Django loaddata fails for unicode


Here's the model:

class ListItem(models.Model):
   # id -- PK
   dateCreated = models.DateTimeField(auto_now_add=True)
   dateModified = models.DateTimeField(auto_now_add=True)
   listId = models.IntegerField(null=False)  # required FK => List
   itemId = models.CharField(max_length=8, null=False)
   description = models.CharField(max_length=1024)
   notes = models.CharField(max_length=2048)

   class Meta:
      ordering = ('itemId',)

And here is the offending item from the fixture file (json):

    {
    "model": "myproject.ListItem",
    "pk": 721,
    "fields": {
        "listId": 26,
        "itemId": "A3",
        "description": "Statystyka Książek Papierowych, Mówionych I Elektronicznych",
        "notes": "Polish Statistical Book and E-book Classification",
        "dateCreated": "2018-05-14 22:05:25",
        "dateModified": "2018-05-14 22:05:25"
    }
}, ...

and here is the command I used to try to load the data:

python3 manage.py loaddata listItems.json

which resulted in the following error(s):

django.db.utils.OperationalError: Problem installing fixture \
'/Users/sloughin/dev/myproject/fixtures/listItems.json': \
Could not load myproject.ListItem(pk=721): \
(1366, "Incorrect string value: '\\xC4\\x85\\xC5\\xBCek...' \
for column 'description' at row 1")

should I be using some flag in the model to indicate that I expect this field to contain unicode data?

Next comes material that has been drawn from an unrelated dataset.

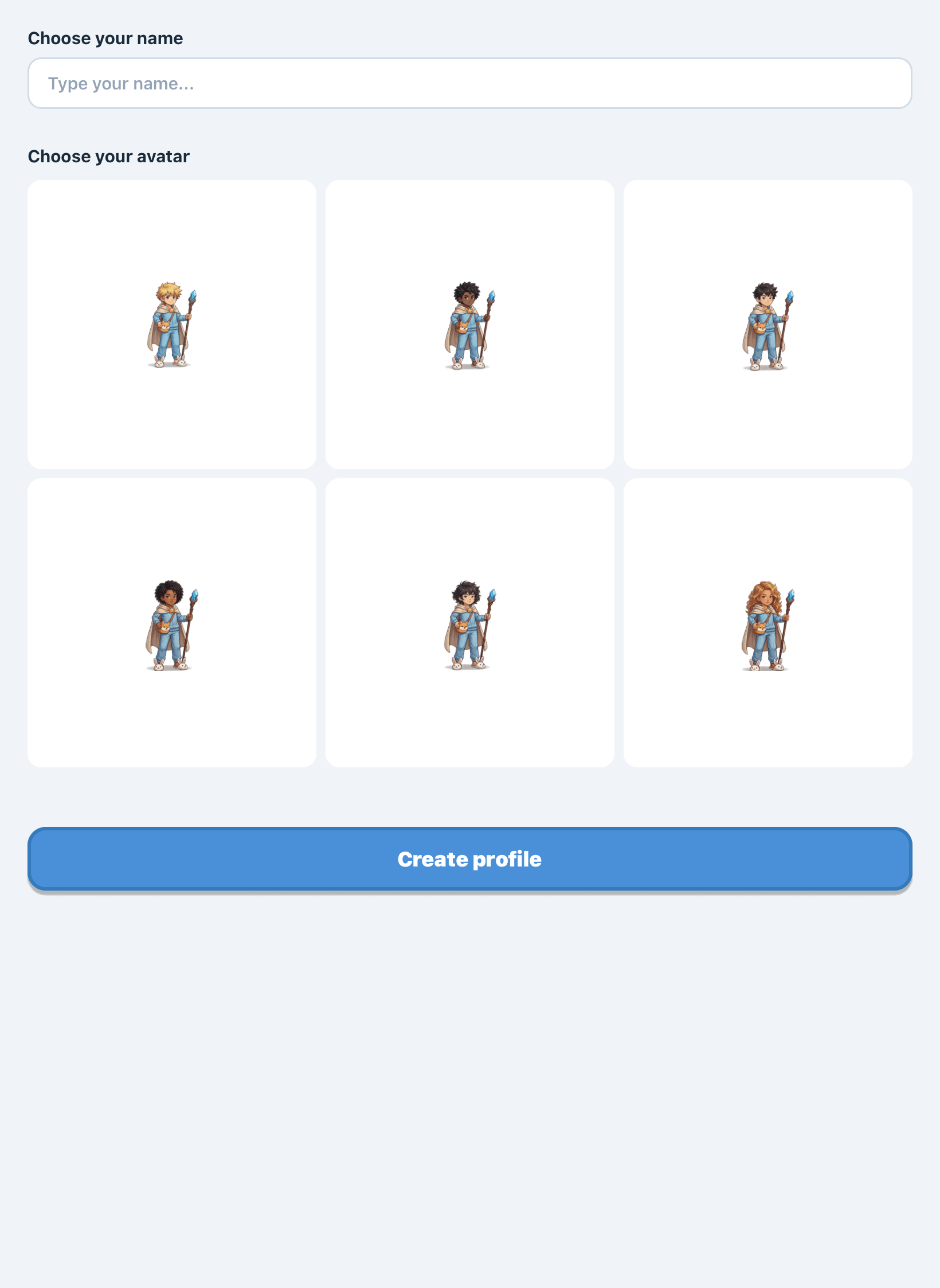 Child profile creation form: first name and avatar selection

This is running against a MySQL database on Ubuntu 16.04, and I'm running python 3.6.2 on an iMac (OSX 10.13.5). All my other loaddata operations worked fine.


Solution

  • Ok, I think I figured this out. The MySQL database VARCHAR fields default to utf8, which support most (but not all) unicode characters. This is why some records were ok and others were not. You have to use utf8mb4 rather than utf8. This increases the width of the database fields since they now use 4 bytes per character rather than 3, (so for some DBMS you might also need to enlarge the width of the fields in your model by a factor of 4/3) though I'm told MySQL fields are specified in characters, not bytes.

    However, we will need to have a new migration file to work with, so I'm going to change one of the fields to be one char longer.

    class ListItem(models.Model):
          # id -- PK
          dateCreated = models.DateTimeField(auto_now_add=True)
          dateModified = models.DateTimeField(auto_now_add=True)
          listId = models.IntegerField(null=False)  # required FK => List
          itemId = models.CharField(max_length=8, null=False)
          description = models.CharField(max_length=1025)  # was 1024
          notes = models.CharField(max_length=2048)  
    

    I reran python3 manage.py makemigrations

    Next, I went to the migrations folder and edited the new migration file (mine was called 002_auto_20180619_1849.py) which contains class Migrations: where the operations are defined. You will see the AlterField operations from making the field wider, but after that you can append additional SQL operations like this:

    migrations.AlterField(...),
    migrations.RunSQL(
        'alter table myproject_listitem CONVERT TO CHARACTER SET 
         utf8mb4 COLLATE utf8mb4_unicode_ci;'),
    migrations.RunSQL(
        'alter table myproject_listitem CONVERT TO CHARACTER SET 
         utf8mb4 COLLATE utf8mb4_unicode_ci;'),
    migrations.RunSQL(
        'alter table myproject_listitem change description description 
         VARCHAR(1366) CHARACTER SET utf8mb4 COLLATE utf8mb4_unicode_ci;'),
    migrations.RunSQL(
        'alter table myproject_listitem change notes notes 
         VARCHAR(2731) CHARACTER SET utf8mb4 COLLATE utf8mb4_unicode_ci;'),
    

    Here, I've split each SQL statement into two lines, so you can read it. If you have direct access to the database you could also do this in a mysql session, but I wanted to know how to do it as part of the migration.

    BEFORE you run this migration, check to be sure you have sqlparse installed. If not, then pip3 install sqlparse or include it in your virtual environment or docker container as a requirement. Then:

    python3 manage.py migrate
    Operations to perform:
      Apply all migrations: admin, auth, contenttypes, myproject, sessions
    Running migrations:
      Applying myproject.0002_auto_20180619_1849... OK
    

    After that, I was able to run python3 manage.py loaddata listItems.json and everything worked fine!